* The data *
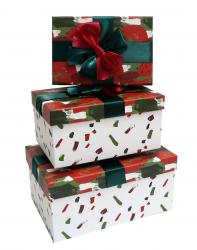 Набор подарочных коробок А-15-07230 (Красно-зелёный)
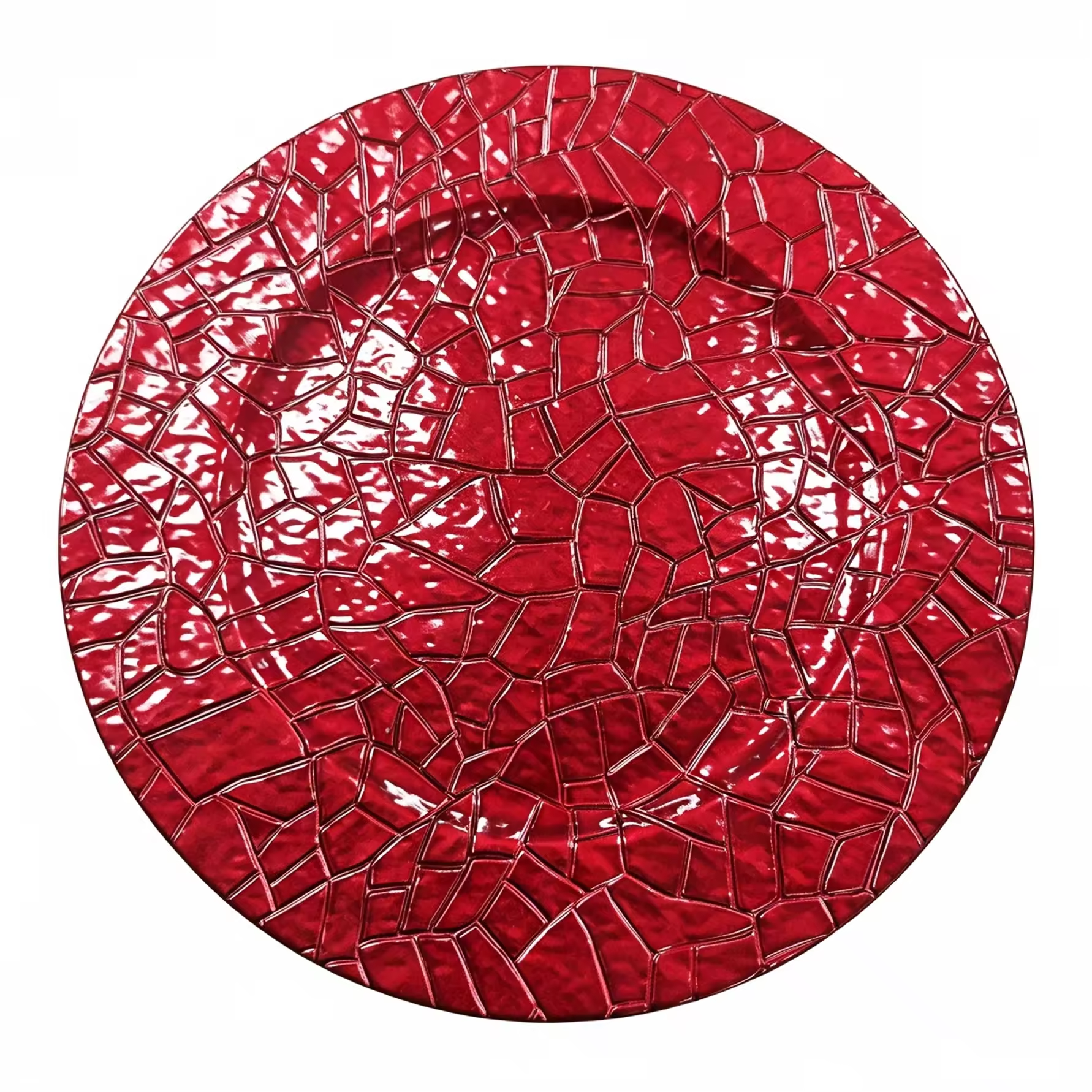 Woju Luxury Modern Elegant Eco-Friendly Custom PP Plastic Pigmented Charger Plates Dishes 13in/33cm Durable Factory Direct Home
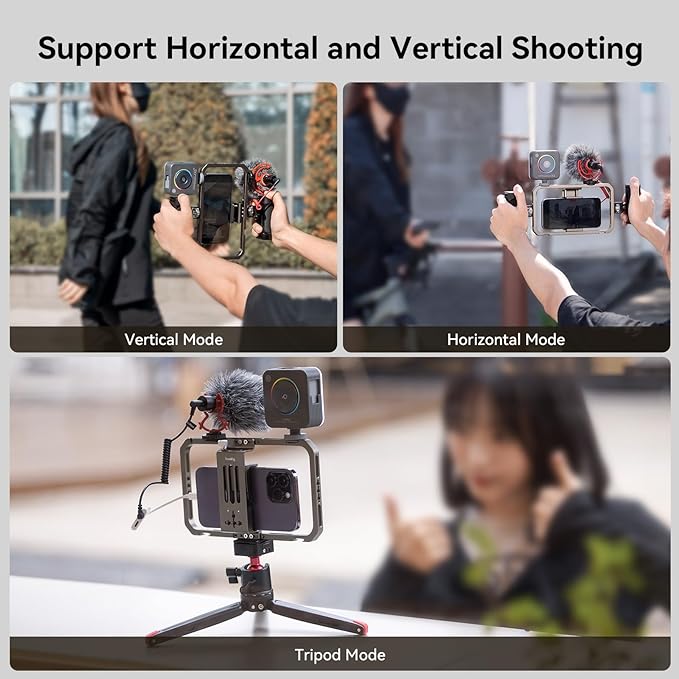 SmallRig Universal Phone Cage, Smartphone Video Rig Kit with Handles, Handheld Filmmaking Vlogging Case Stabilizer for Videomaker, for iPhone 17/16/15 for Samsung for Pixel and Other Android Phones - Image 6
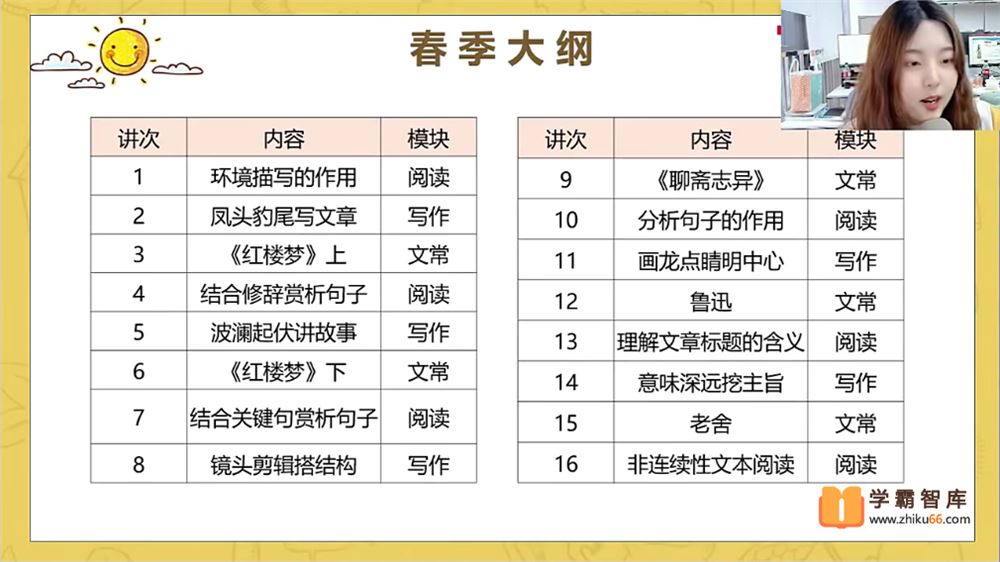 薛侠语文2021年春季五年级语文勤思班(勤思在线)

* What the task requires *
While leaving pictures out, reproduce exactly the lines from the beginning of the listing above through the line containing "SmallRig Universal Phone", both ends included.

* Answer space *
 Набор подарочных коробок А-15-07230 (Красно-зелёный)
 Woju Luxury Modern Elegant Eco-Friendly Custom PP Plastic Pigmented Charger Plates Dishes 13in/33cm Durable Factory Direct Home
 SmallRig Universal Phone Cage, Smartphone Video Rig Kit with Handles, Handheld Filmmaking Vlogging Case Stabilizer for Videomaker, for iPhone 17/16/15 for Samsung for Pixel and Other Android Phones - Image 6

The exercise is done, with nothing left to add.